→ Aim of the exercise: Reproduce the data exactly and drop any pictures it holds.
-- Data excerpt follows --
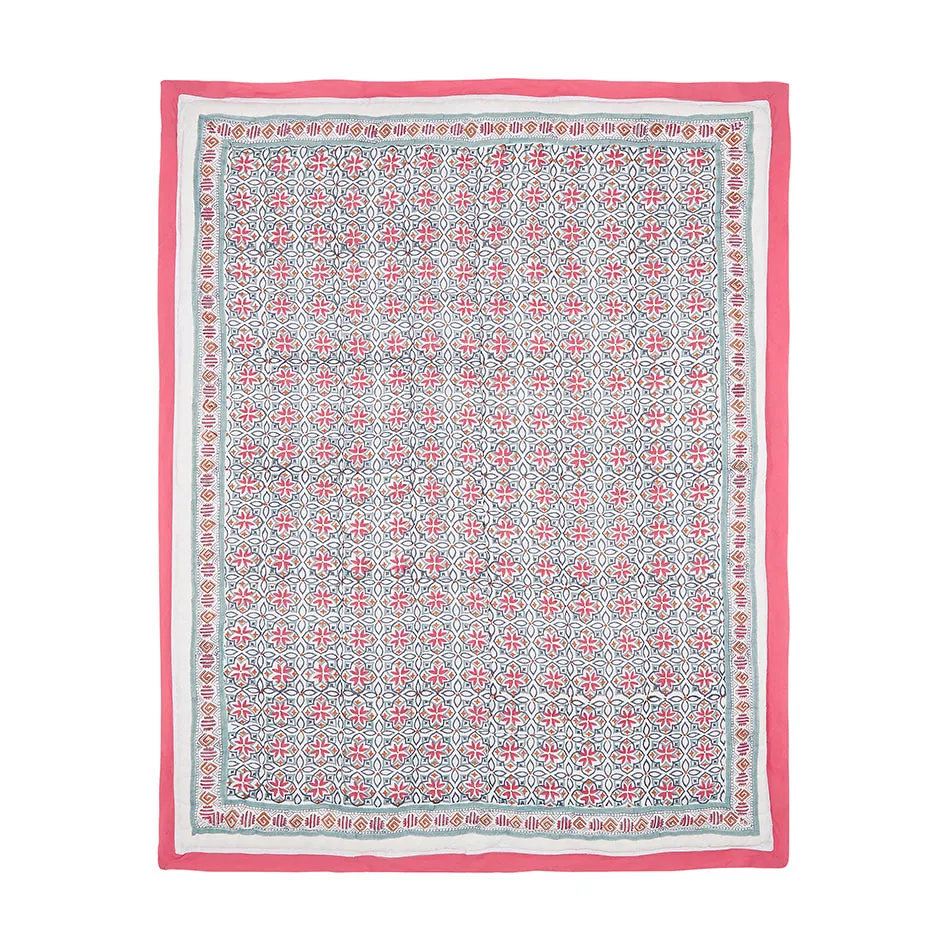 Seminyak Pink Cotton Quilt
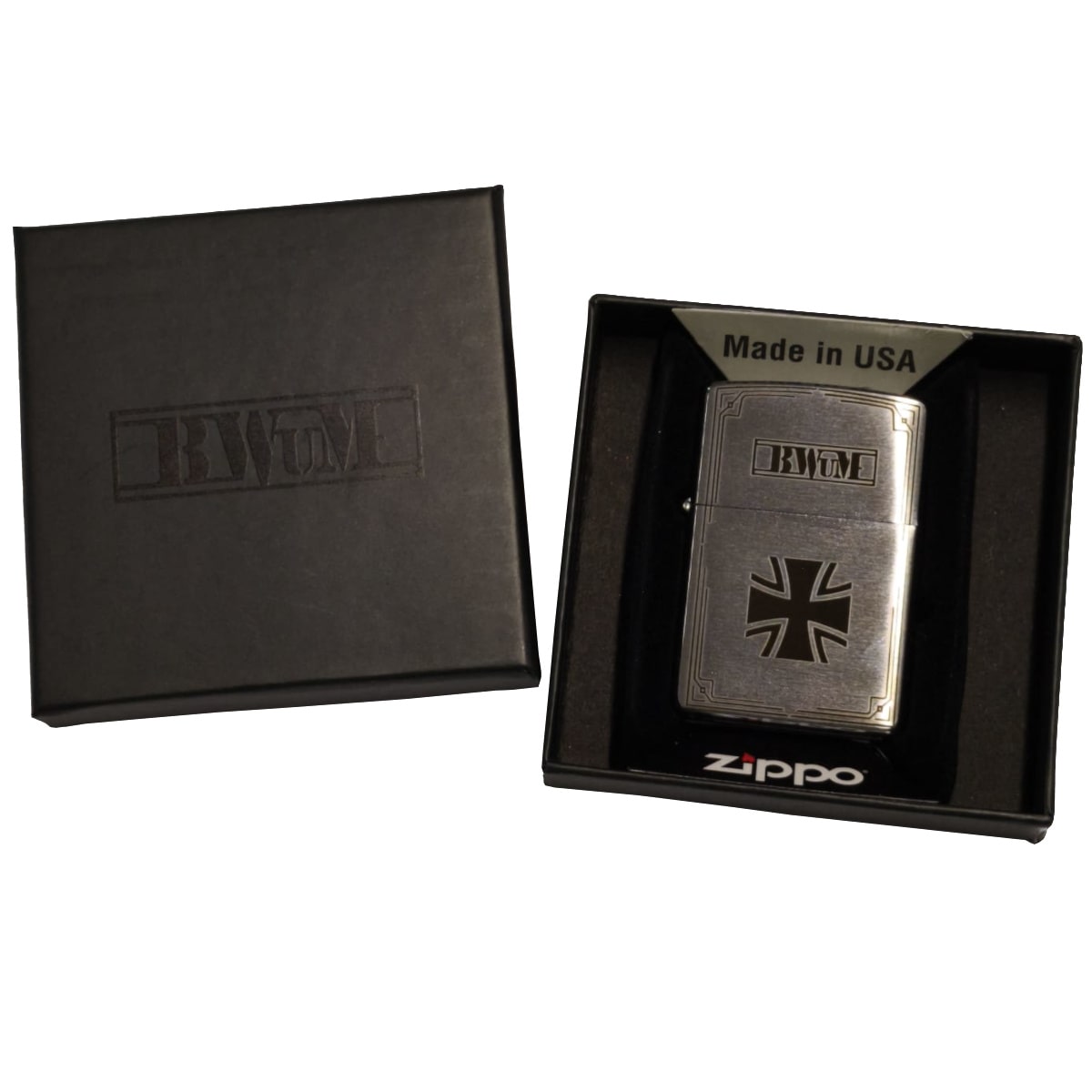 BWuM Zippo Feuerzeug mit Gravur - Eisernes Kreuz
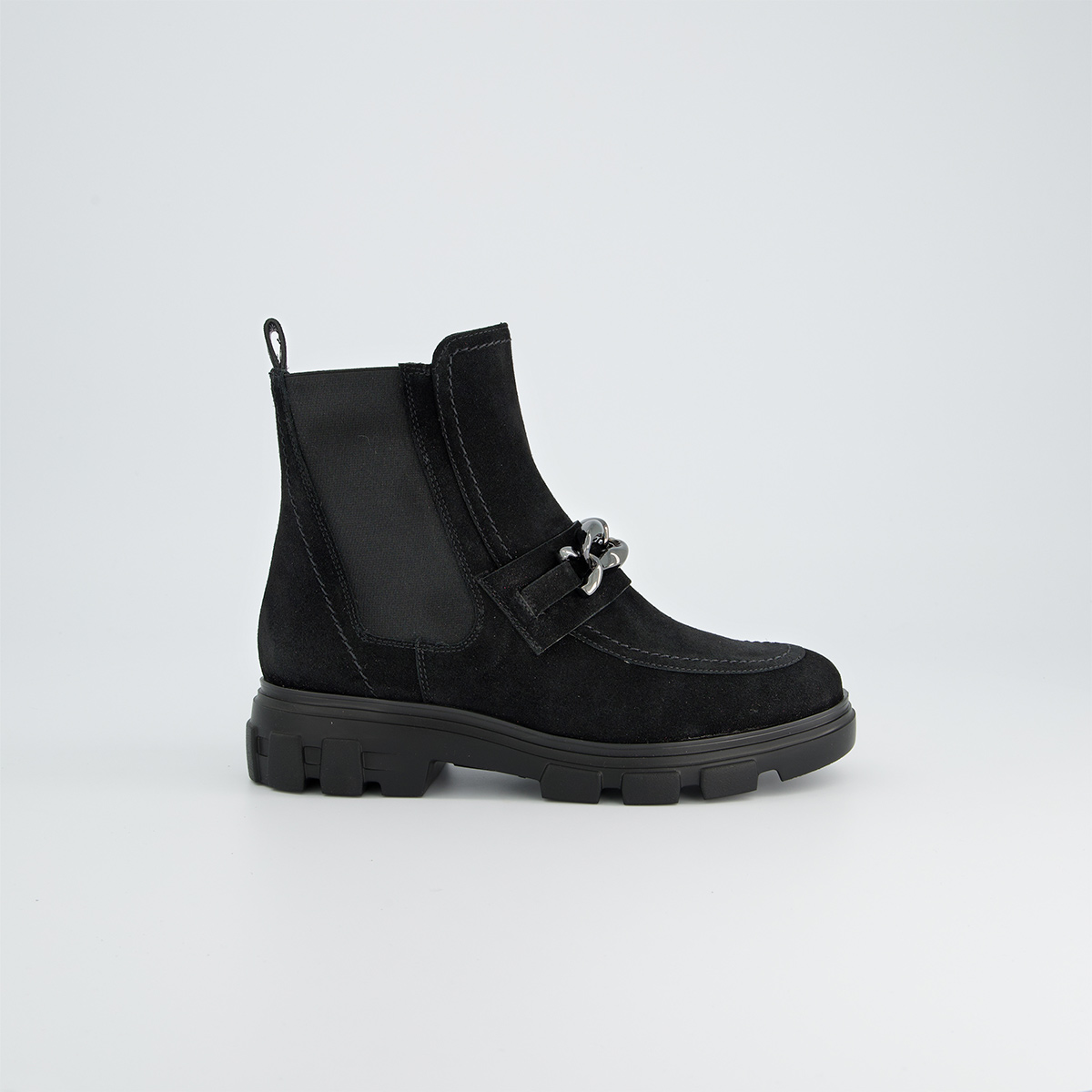 Paul Green 8261-028, Stiefeletten, Chelsea Boots in Schwarz für Damen, Größe 38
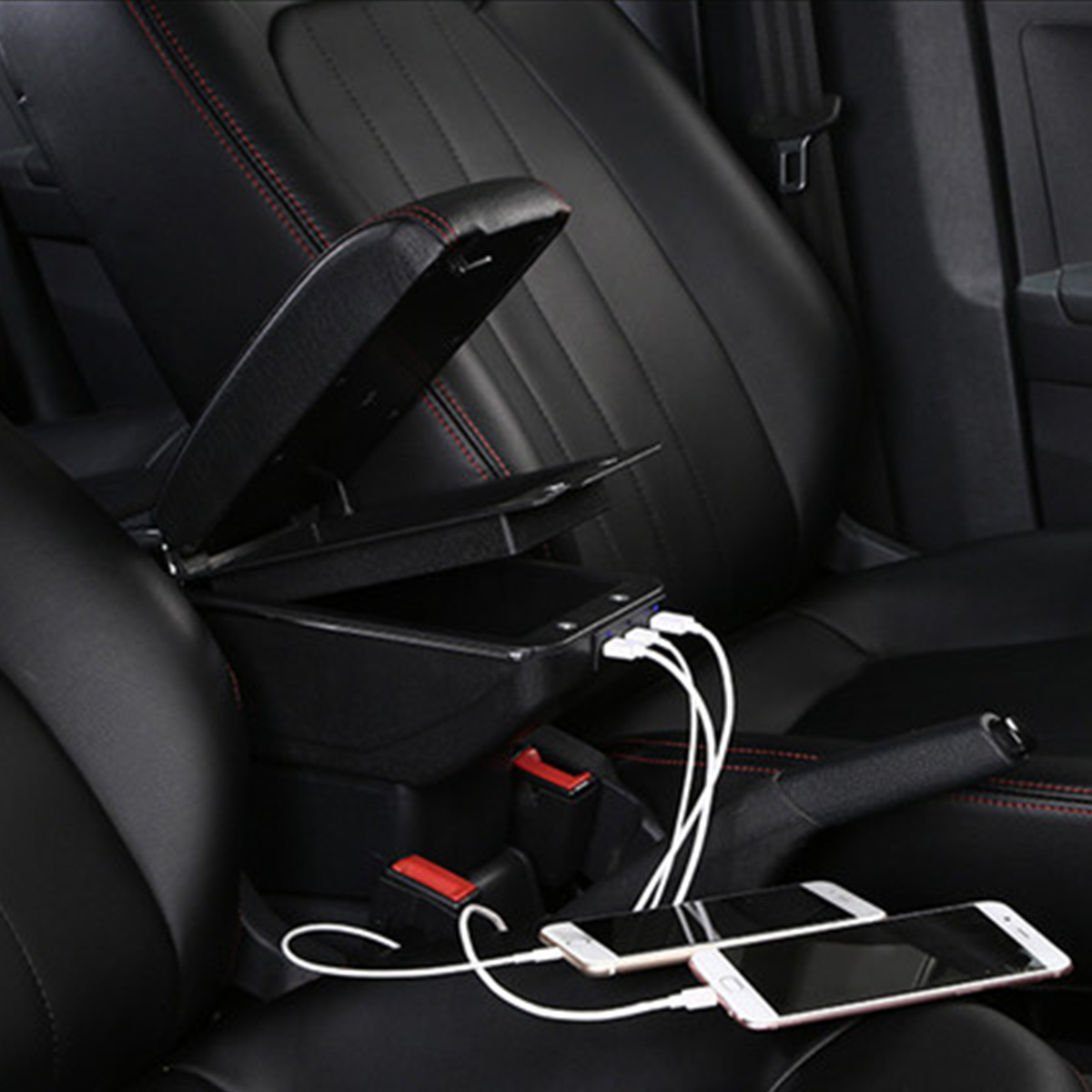 2-layers-Car-Armrest-Box-Center-Console-Storage-With-Ashtray-USB-For-Mini-Copper-Coupe-1600834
-- Data excerpt concluded --
→ Finished task:
 Seminyak Pink Cotton Quilt
 BWuM Zippo Feuerzeug mit Gravur - Eisernes Kreuz
 Paul Green 8261-028, Stiefeletten, Chelsea Boots in Schwarz für Damen, Größe 38
 2-layers-Car-Armrest-Box-Center-Console-Storage-With-Ashtray-USB-For-Mini-Copper-Coupe-1600834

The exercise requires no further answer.